[DATASET EXTRACT — start]

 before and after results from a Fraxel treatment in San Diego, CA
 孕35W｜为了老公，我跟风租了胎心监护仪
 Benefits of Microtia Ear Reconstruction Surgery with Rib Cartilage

[DATASET EXTRACT — finish]
[DATASET EXTRACT — start]

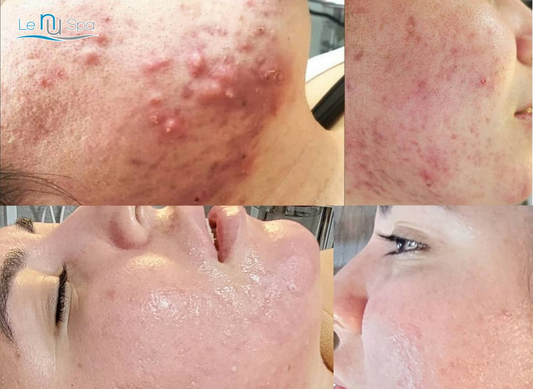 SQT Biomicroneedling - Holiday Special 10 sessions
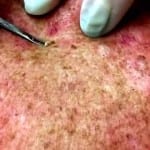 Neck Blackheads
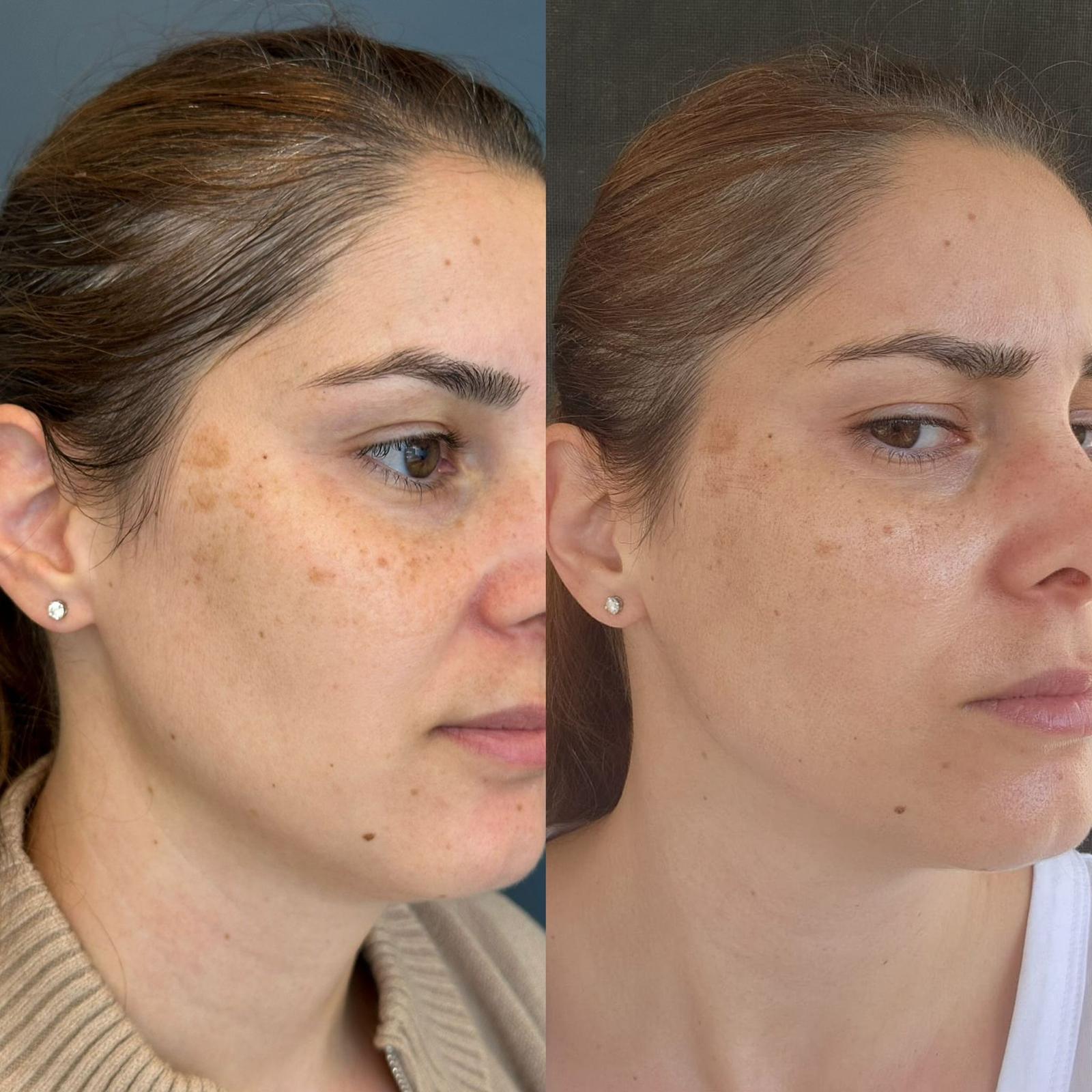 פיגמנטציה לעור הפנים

[DATASET EXTRACT — finish]

TASK GOAL:
Without the pictures, give again exactly the lines above starting at the line containing "SQT Biomicroneedling - Holiday" and ending at the line containing "פיגמנטציה לעור הפנים".

TASK RESPONSE:
 SQT Biomicroneedling - Holiday Special 10 sessions
 Neck Blackheads
 פיגמנטציה לעור הפנים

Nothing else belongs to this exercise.